Pero también porque, como ocurrió exactamente para estas fechas en 1997, la oposición unida en el Congreso, con todas sus diferencias internas, con sus luces y miserias, confirmó que no le alcanza para legislar sola, pero sí para contener y marcar agenda. En aquellos días de 1997, con una oposición que logró una mayoría ínfima en la Cámara de Diputados, comenzó, en muchos sentidos, el proceso que llevó a la derrota del PRI en el año 2000. No comprender ese proceso, tratar de bloquearlo, acumulando todos los espacios de negociación oficial terminaron también, hay que recordarlo en estos días, descalificando al secretario de Gobernación, Emilio Chuayffet, que no sólo perdió en esos días sus aspiraciones a ser candidato presidencial, sino también el cargo. Sin interlocución con la oposición (en esos días la retomó Liébano Saénz), le pidieron su renuncia en enero de 1998, luego de la masacre de Acteal. Cualquier parecido con la realidad es pura coincidencia.

La pregunta es ¿por qué la prisa y el desaseo? Primero, porque el cambio en el sentido de la consulta no es menor: una cosa es preguntar si se le perdió la confianza a un mandatario, federal o estatal, y a partir de ello revocar su mandato, y otra, muy diferente, es preguntar si se ratifica (o sea que si se le mantiene la confianza). Haber intentado ese cambio no es un dato menor.
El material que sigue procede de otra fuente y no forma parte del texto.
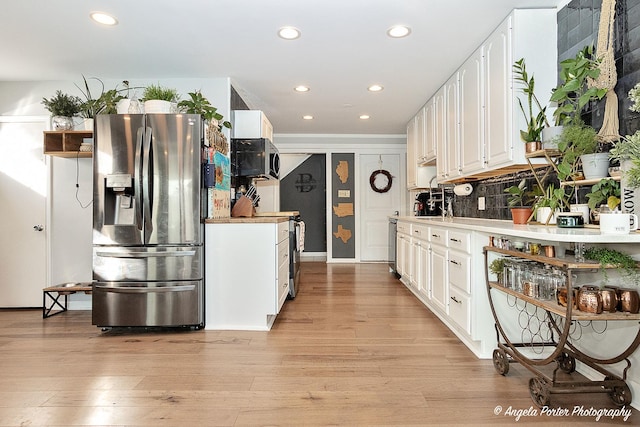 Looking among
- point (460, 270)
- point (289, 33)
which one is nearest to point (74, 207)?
point (289, 33)

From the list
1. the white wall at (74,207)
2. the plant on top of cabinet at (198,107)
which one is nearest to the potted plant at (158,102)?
the plant on top of cabinet at (198,107)

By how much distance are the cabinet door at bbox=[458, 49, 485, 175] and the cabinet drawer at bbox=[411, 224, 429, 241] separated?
0.66 metres

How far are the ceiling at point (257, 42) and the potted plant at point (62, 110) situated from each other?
279 millimetres

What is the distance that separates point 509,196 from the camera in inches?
128

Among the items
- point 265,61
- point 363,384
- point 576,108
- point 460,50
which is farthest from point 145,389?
point 460,50

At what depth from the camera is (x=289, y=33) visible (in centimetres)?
276

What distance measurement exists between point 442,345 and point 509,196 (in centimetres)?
152

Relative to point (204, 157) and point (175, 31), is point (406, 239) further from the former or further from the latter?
point (175, 31)

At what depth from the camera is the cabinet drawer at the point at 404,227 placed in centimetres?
430

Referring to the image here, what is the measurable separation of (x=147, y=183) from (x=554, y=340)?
3043mm

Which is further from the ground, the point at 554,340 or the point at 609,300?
the point at 609,300

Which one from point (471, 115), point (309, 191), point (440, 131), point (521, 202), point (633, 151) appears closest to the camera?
point (633, 151)

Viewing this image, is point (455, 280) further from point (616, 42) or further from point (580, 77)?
point (616, 42)

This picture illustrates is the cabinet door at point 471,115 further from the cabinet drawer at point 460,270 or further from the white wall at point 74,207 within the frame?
the white wall at point 74,207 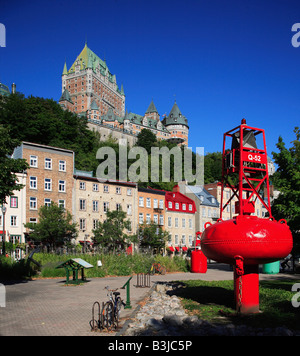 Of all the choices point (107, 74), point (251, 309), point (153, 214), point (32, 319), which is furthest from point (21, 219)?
point (107, 74)

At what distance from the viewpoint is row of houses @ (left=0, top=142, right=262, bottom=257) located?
43312 millimetres

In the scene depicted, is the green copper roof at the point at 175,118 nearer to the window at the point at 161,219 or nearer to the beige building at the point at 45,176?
the window at the point at 161,219

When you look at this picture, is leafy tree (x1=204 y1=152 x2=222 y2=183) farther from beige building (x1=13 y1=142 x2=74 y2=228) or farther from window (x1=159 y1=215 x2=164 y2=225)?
beige building (x1=13 y1=142 x2=74 y2=228)

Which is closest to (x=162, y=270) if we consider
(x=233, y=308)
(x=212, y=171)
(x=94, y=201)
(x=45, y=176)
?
(x=233, y=308)

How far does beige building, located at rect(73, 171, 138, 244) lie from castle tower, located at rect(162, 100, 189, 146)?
12385 cm

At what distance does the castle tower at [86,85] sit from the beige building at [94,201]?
110324 mm

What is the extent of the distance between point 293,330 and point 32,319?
8.33 metres

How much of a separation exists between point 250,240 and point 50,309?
334 inches

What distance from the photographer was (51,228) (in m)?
40.0

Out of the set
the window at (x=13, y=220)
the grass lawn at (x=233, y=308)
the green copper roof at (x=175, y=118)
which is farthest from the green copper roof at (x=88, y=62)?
the grass lawn at (x=233, y=308)

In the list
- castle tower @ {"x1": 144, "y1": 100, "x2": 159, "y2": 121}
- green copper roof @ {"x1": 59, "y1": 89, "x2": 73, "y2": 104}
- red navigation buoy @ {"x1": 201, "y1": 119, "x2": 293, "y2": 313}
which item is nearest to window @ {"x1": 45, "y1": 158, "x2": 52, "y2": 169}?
red navigation buoy @ {"x1": 201, "y1": 119, "x2": 293, "y2": 313}

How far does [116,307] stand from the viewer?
11.9 metres

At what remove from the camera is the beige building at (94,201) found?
4831 cm

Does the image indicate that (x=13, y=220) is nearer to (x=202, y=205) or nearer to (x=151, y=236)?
(x=151, y=236)
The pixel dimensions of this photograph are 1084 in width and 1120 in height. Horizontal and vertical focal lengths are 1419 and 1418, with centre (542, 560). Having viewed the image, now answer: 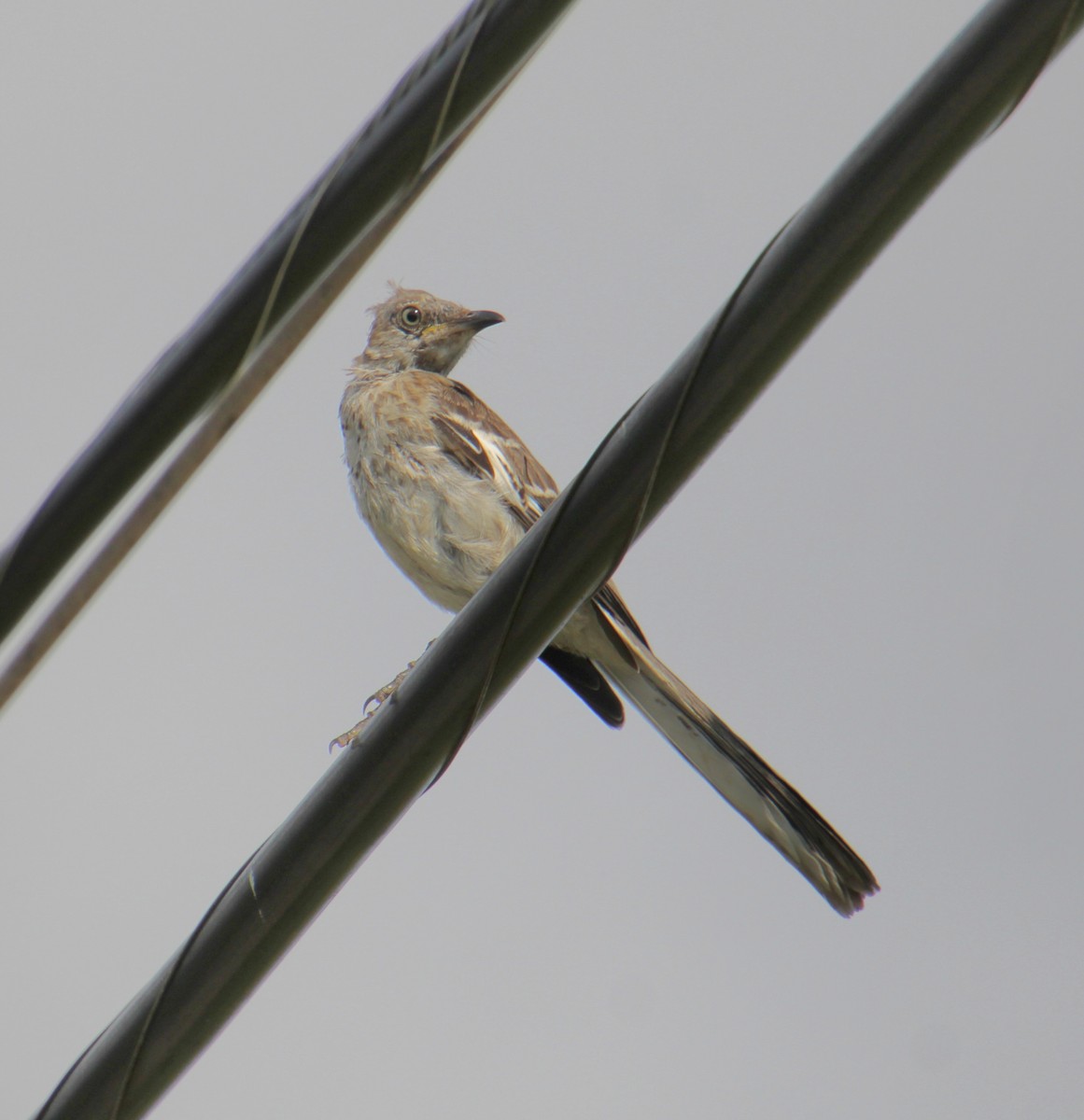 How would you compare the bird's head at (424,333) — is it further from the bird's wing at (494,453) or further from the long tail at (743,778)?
the long tail at (743,778)

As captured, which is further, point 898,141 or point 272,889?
point 272,889

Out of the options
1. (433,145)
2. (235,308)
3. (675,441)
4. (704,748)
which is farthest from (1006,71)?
(704,748)

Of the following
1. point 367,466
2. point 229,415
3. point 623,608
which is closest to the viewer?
point 229,415

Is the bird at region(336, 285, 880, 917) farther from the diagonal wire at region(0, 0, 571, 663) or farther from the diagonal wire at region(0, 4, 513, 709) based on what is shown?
the diagonal wire at region(0, 0, 571, 663)

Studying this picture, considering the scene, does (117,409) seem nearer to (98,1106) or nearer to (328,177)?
(328,177)

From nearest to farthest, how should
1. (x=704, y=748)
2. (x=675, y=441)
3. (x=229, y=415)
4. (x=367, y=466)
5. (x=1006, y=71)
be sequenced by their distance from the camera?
(x=1006, y=71) → (x=675, y=441) → (x=229, y=415) → (x=704, y=748) → (x=367, y=466)

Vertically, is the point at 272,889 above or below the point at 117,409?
below

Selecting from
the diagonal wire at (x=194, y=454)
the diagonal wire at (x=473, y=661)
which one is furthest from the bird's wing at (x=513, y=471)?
the diagonal wire at (x=473, y=661) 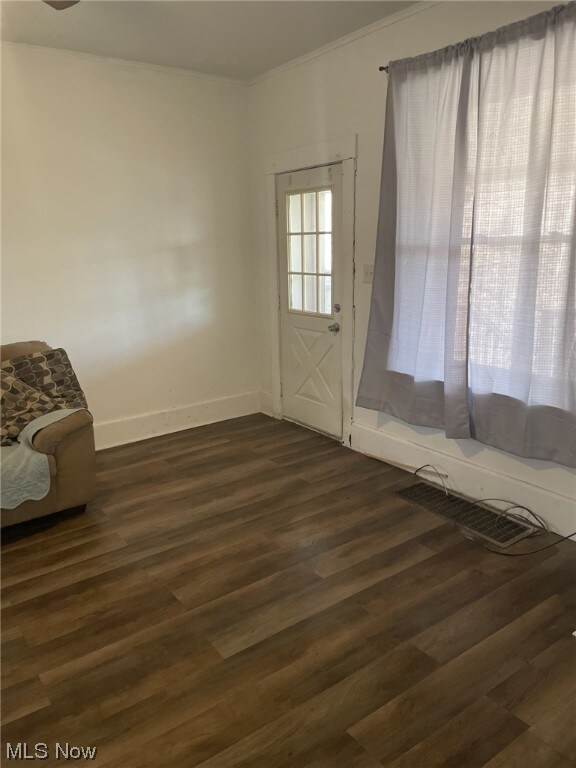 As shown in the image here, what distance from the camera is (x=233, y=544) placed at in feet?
9.65

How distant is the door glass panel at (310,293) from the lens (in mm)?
4395

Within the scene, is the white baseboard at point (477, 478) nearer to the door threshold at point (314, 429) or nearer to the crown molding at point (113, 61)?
the door threshold at point (314, 429)

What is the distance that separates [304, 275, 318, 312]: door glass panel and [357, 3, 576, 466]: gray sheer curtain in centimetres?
86

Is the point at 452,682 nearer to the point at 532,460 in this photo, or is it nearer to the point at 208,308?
the point at 532,460

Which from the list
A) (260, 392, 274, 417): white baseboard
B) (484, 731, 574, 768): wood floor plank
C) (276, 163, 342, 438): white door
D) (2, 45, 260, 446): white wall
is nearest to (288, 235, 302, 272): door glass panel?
(276, 163, 342, 438): white door

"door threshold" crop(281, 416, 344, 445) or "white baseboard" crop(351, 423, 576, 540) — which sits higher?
"white baseboard" crop(351, 423, 576, 540)

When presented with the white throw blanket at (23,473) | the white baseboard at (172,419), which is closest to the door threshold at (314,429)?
the white baseboard at (172,419)

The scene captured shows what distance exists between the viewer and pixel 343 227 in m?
3.98

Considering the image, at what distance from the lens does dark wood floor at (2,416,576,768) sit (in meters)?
1.80

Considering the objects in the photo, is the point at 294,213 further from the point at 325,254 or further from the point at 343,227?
the point at 343,227

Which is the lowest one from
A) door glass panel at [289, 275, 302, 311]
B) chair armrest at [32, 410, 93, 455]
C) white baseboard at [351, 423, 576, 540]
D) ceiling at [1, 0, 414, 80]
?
white baseboard at [351, 423, 576, 540]

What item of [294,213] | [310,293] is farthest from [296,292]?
[294,213]

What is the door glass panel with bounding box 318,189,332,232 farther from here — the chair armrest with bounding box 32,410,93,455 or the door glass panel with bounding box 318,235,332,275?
the chair armrest with bounding box 32,410,93,455

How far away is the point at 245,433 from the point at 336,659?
2643mm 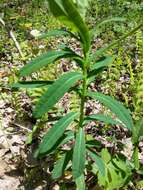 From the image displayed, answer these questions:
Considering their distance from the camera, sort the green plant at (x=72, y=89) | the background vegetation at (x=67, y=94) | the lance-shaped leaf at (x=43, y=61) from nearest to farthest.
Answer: the green plant at (x=72, y=89) → the lance-shaped leaf at (x=43, y=61) → the background vegetation at (x=67, y=94)

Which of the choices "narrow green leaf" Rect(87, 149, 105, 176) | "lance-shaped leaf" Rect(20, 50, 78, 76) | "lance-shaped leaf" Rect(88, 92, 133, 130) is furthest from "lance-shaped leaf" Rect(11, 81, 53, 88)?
"narrow green leaf" Rect(87, 149, 105, 176)

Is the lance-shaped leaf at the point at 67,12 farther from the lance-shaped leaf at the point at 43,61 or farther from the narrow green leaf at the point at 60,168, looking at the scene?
the narrow green leaf at the point at 60,168

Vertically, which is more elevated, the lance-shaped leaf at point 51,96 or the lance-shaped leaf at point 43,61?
the lance-shaped leaf at point 43,61

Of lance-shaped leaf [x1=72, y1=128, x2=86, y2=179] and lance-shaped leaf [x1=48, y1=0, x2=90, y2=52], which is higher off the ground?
lance-shaped leaf [x1=48, y1=0, x2=90, y2=52]

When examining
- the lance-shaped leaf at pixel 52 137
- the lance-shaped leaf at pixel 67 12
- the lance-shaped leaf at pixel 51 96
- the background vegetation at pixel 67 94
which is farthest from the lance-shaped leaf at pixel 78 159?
the lance-shaped leaf at pixel 67 12

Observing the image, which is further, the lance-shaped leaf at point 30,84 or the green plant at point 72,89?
the lance-shaped leaf at point 30,84

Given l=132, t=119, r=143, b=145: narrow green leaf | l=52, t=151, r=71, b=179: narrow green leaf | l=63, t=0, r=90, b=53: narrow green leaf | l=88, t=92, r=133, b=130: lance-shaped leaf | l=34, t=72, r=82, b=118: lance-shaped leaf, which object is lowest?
l=52, t=151, r=71, b=179: narrow green leaf

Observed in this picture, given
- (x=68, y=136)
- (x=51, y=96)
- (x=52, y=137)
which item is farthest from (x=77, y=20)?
(x=68, y=136)

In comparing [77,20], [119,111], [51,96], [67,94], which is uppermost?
[77,20]

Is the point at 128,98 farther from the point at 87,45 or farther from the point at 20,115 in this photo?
the point at 87,45

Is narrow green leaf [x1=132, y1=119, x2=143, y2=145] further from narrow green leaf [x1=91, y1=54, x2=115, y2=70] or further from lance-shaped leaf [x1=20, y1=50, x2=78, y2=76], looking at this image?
lance-shaped leaf [x1=20, y1=50, x2=78, y2=76]

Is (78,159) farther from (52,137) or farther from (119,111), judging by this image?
(119,111)

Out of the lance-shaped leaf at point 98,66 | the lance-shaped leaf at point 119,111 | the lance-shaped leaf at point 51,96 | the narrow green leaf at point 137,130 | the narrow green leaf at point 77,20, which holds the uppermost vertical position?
the narrow green leaf at point 77,20

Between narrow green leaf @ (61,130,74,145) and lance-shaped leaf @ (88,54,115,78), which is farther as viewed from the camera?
narrow green leaf @ (61,130,74,145) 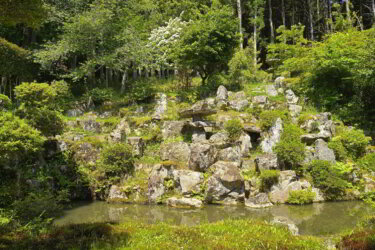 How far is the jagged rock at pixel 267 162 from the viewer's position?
1448 cm

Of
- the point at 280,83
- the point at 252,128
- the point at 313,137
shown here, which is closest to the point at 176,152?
the point at 252,128

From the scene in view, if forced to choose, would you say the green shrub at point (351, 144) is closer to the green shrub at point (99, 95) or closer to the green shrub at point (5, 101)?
the green shrub at point (5, 101)

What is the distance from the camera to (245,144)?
16688mm

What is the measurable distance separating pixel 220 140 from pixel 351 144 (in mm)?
7767

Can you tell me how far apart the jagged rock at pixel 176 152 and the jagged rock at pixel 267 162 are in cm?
416

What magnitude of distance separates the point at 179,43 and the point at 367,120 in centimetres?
1674

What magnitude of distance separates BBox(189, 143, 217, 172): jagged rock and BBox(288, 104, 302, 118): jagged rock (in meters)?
7.93

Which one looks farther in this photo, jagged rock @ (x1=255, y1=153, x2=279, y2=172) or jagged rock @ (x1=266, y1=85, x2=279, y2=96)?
jagged rock @ (x1=266, y1=85, x2=279, y2=96)

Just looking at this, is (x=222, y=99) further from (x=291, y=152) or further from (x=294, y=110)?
(x=291, y=152)

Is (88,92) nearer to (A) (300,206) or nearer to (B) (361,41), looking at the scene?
(A) (300,206)

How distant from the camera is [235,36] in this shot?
25078 millimetres

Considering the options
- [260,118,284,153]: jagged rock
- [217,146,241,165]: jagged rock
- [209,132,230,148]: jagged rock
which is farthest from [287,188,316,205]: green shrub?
[209,132,230,148]: jagged rock

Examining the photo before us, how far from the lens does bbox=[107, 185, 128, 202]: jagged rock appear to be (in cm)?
1454

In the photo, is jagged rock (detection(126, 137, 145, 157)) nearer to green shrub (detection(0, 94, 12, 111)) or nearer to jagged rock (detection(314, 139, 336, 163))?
green shrub (detection(0, 94, 12, 111)) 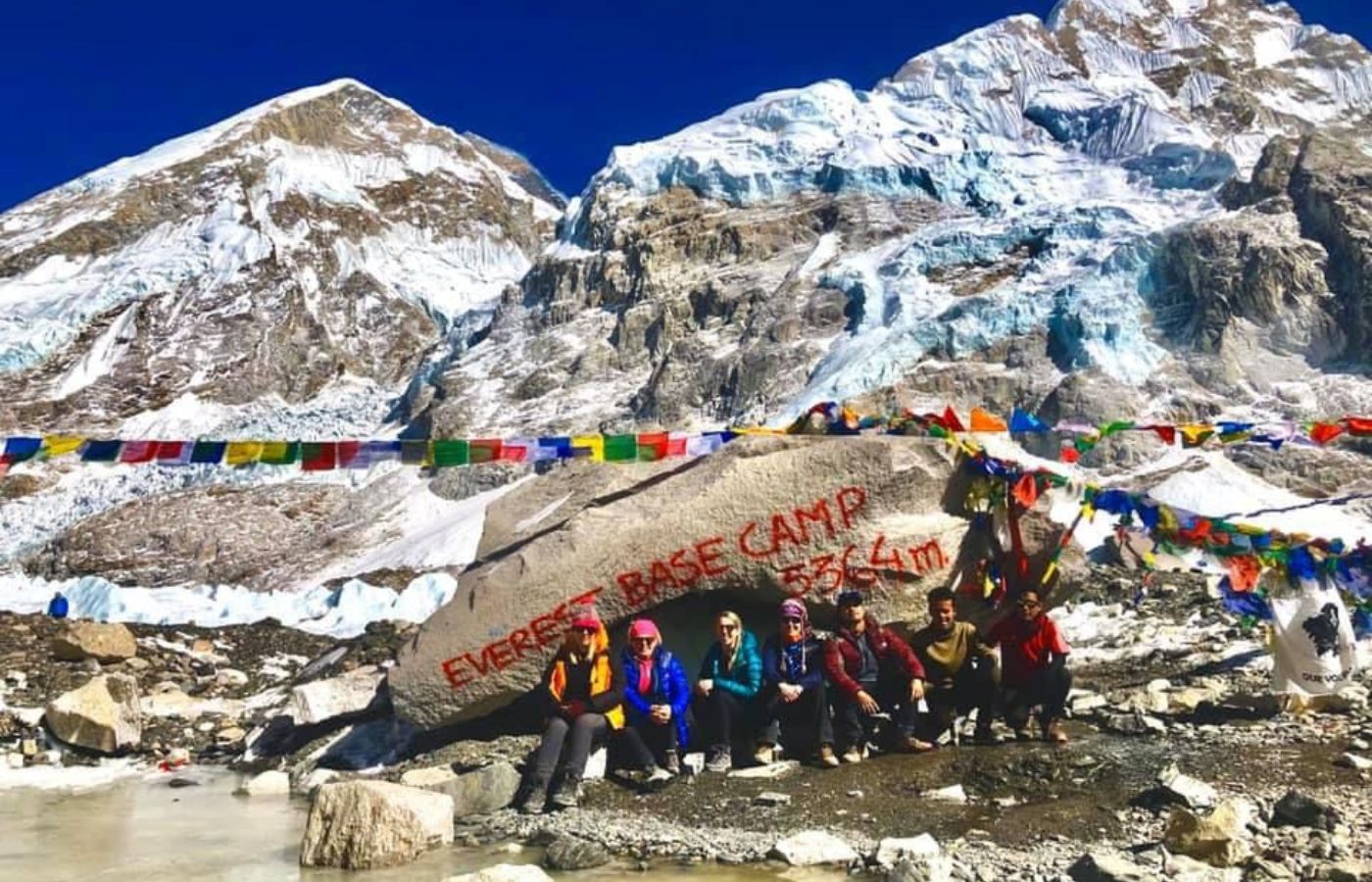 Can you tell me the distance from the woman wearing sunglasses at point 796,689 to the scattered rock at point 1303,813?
259cm

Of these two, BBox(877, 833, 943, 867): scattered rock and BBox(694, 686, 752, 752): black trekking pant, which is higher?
BBox(694, 686, 752, 752): black trekking pant

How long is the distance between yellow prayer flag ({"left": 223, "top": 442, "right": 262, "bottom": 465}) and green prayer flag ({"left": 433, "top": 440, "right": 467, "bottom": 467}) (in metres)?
1.56

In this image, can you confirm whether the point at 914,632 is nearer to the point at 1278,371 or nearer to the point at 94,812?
the point at 94,812

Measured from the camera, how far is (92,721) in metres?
9.21

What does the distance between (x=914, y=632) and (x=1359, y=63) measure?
311ft

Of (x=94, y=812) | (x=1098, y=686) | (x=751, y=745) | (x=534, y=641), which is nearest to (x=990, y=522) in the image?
(x=1098, y=686)

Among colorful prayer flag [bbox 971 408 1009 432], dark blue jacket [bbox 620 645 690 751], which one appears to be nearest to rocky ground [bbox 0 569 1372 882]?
dark blue jacket [bbox 620 645 690 751]

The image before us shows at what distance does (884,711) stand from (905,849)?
6.95 ft

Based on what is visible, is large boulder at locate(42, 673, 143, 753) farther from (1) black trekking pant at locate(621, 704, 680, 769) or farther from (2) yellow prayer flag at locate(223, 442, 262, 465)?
(1) black trekking pant at locate(621, 704, 680, 769)

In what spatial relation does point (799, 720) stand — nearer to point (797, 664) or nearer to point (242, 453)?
point (797, 664)

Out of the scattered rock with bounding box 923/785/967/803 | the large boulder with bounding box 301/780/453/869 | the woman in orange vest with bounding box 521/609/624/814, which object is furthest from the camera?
the woman in orange vest with bounding box 521/609/624/814

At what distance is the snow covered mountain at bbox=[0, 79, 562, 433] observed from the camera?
70938 millimetres

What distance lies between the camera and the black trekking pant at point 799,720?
281 inches

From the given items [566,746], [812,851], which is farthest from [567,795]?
[812,851] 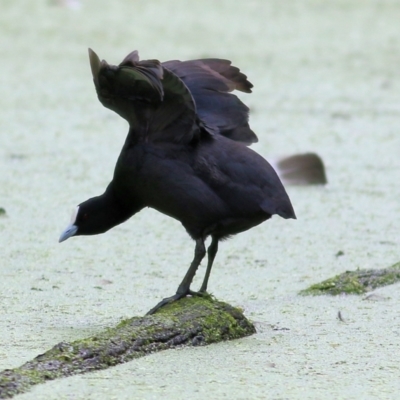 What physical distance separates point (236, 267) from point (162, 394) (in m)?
1.30

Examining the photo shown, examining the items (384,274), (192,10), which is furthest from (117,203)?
(192,10)

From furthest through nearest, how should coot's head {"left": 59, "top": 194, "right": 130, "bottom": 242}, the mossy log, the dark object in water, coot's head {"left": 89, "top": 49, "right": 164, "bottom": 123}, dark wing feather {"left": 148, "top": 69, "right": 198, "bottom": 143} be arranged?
the dark object in water < coot's head {"left": 59, "top": 194, "right": 130, "bottom": 242} < dark wing feather {"left": 148, "top": 69, "right": 198, "bottom": 143} < coot's head {"left": 89, "top": 49, "right": 164, "bottom": 123} < the mossy log

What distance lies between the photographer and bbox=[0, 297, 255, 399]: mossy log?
203 centimetres

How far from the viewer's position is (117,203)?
9.40 ft

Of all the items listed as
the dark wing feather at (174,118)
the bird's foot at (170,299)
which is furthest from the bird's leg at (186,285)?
the dark wing feather at (174,118)

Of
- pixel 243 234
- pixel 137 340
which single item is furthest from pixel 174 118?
pixel 243 234

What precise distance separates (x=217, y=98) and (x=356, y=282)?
2.06 feet

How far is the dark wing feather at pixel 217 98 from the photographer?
2896 mm

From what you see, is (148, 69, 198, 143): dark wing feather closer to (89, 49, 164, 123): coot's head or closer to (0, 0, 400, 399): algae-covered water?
(89, 49, 164, 123): coot's head

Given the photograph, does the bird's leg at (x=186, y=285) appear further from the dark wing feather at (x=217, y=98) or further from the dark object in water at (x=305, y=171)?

Lo otro es que el INE había anunciado que emitiría sus propias normas para la consulta, ya que ésta no había sido aprobada en los términos legales, o sea, cuando terminó el último periodo ordinario de esa Legislatura. Lo hará, anunció el INE, el 27 de agosto. Y el primero de septiembre asumirá una nueva Legislatura en la que, como aquella de 1997, el oficialismo mantendrá su mayoría relativa, pero ya no la absoluta ni menos aún la calificada. Con aliados, como el partido Verde, que harán valer el peso de sus 43 diputados y con opositores que habrán descubierto que les rinde más serlo que convertirse en aliados circunstanciales.

Todo eso se sumó a decisiones del TEPJF que influyen en este proceso. El Tribunal, ya con su nueva conformación interna, anuló el triunfo a cuatro diputados de Morena, y en el caso de Campeche, donde las diferencias entre el primero y el tercero son de menos de diez mil votos, existiendo además un porcentaje de votos anulados mayor a esa diferencia entre los tres primeros competidores, canceló la constancia de mayoría que le habían otorgado a Layda Sansores y ordenó que se hiciera nuevamente el recuento de votos, uno por uno, de toda la elección.

Judicialmente, las decisiones son impecables, pero tanto el INE como el TEPJF no se salvaron de la indignación presidencial que demandó, una vez más, que se vayan todos y se renueven en su totalidad esos organismos. Sin comprender que los votos en el Congreso tampoco le alcanzarán para eso y para la reforma electoral, de carácter constitucional, que pretende. Revisionismo aparta, parece que falta mucho para que la noche triste se convierta en la noche victoriosa.